→ Exercise requirements: Begin at the line that holds "50 Pack Premium" and retype every line through the end of the material, both included. Leave out the pictures.

------ Given records

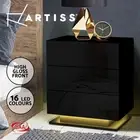 Artiss Bedside Tables 3 Drawers Side Table RGB LED Gloss Nightstand Black MORI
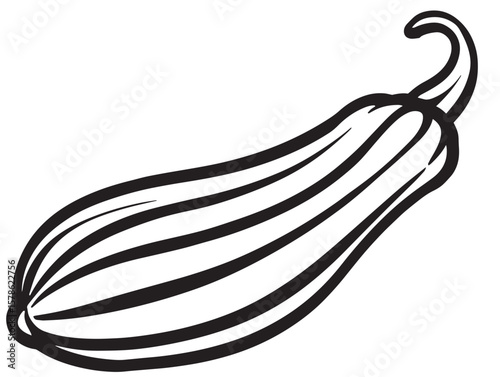 Bitter Gourd Vegetable 2D Clean Vector Design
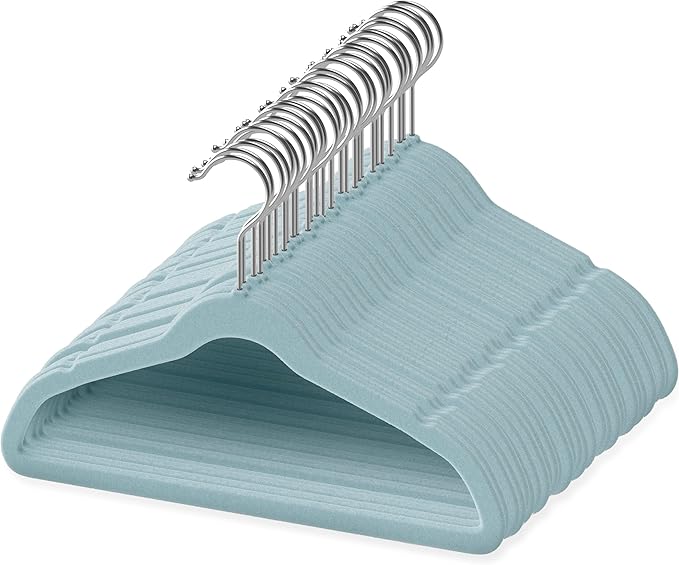 50 Pack Premium Baby Velvet Hangers (Blue) - 11.8" Inches Non-Slip, Ultra-Slim & Space-Saving Toddler Hangers - 360° Rotating Hook, Strong & Durable Hanger for Children, Infant & Toddler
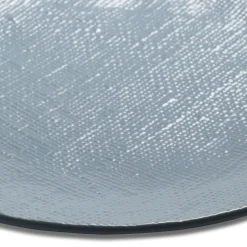 Assiette plate ronde en grès reliefbleu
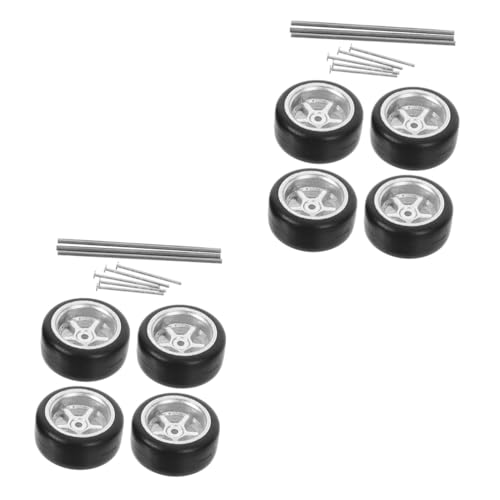 BCOATH 2 Sets Car Wheel Tire 1/64 Scale Replacement Tire Wheel for Toy Vehicle Models Teen Toys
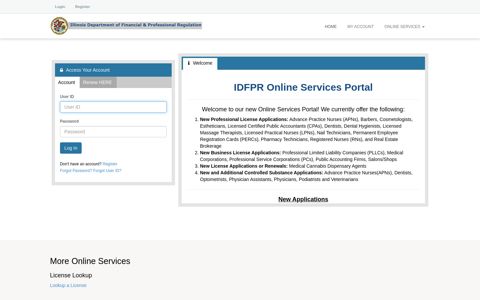 IDFPR Online Services Portal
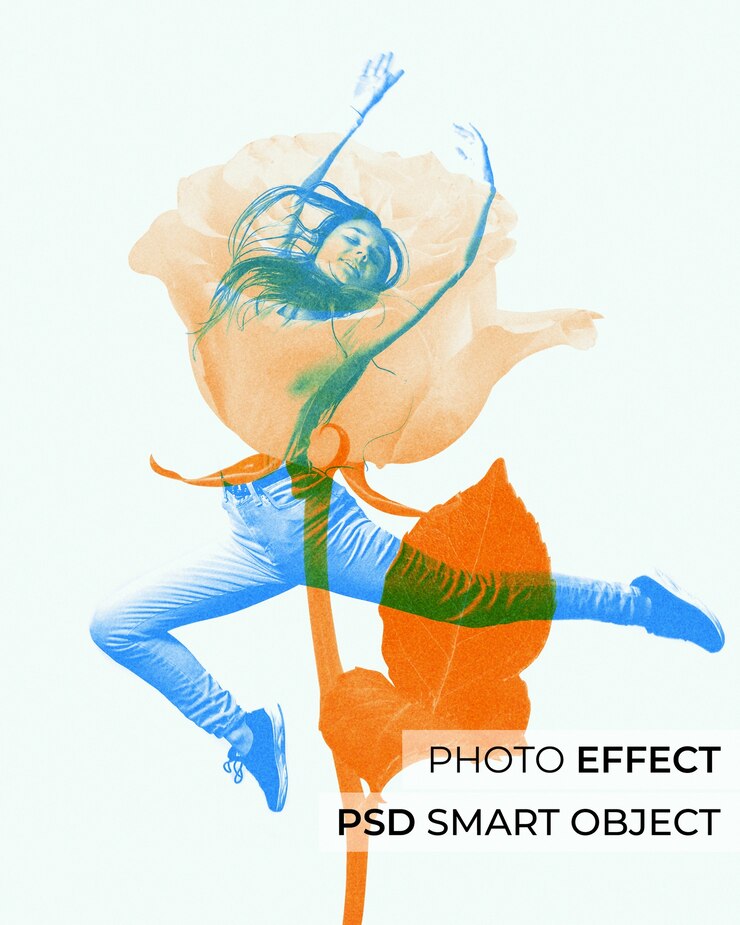 Ücretsiz PSD çift pozlama efekti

------------

→ Reply:
 50 Pack Premium Baby Velvet Hangers (Blue) - 11.8" Inches Non-Slip, Ultra-Slim & Space-Saving Toddler Hangers - 360° Rotating Hook, Strong & Durable Hanger for Children, Infant & Toddler
 Assiette plate ronde en grès reliefbleu
 BCOATH 2 Sets Car Wheel Tire 1/64 Scale Replacement Tire Wheel for Toy Vehicle Models Teen Toys
 IDFPR Online Services Portal
 Ücretsiz PSD çift pozlama efekti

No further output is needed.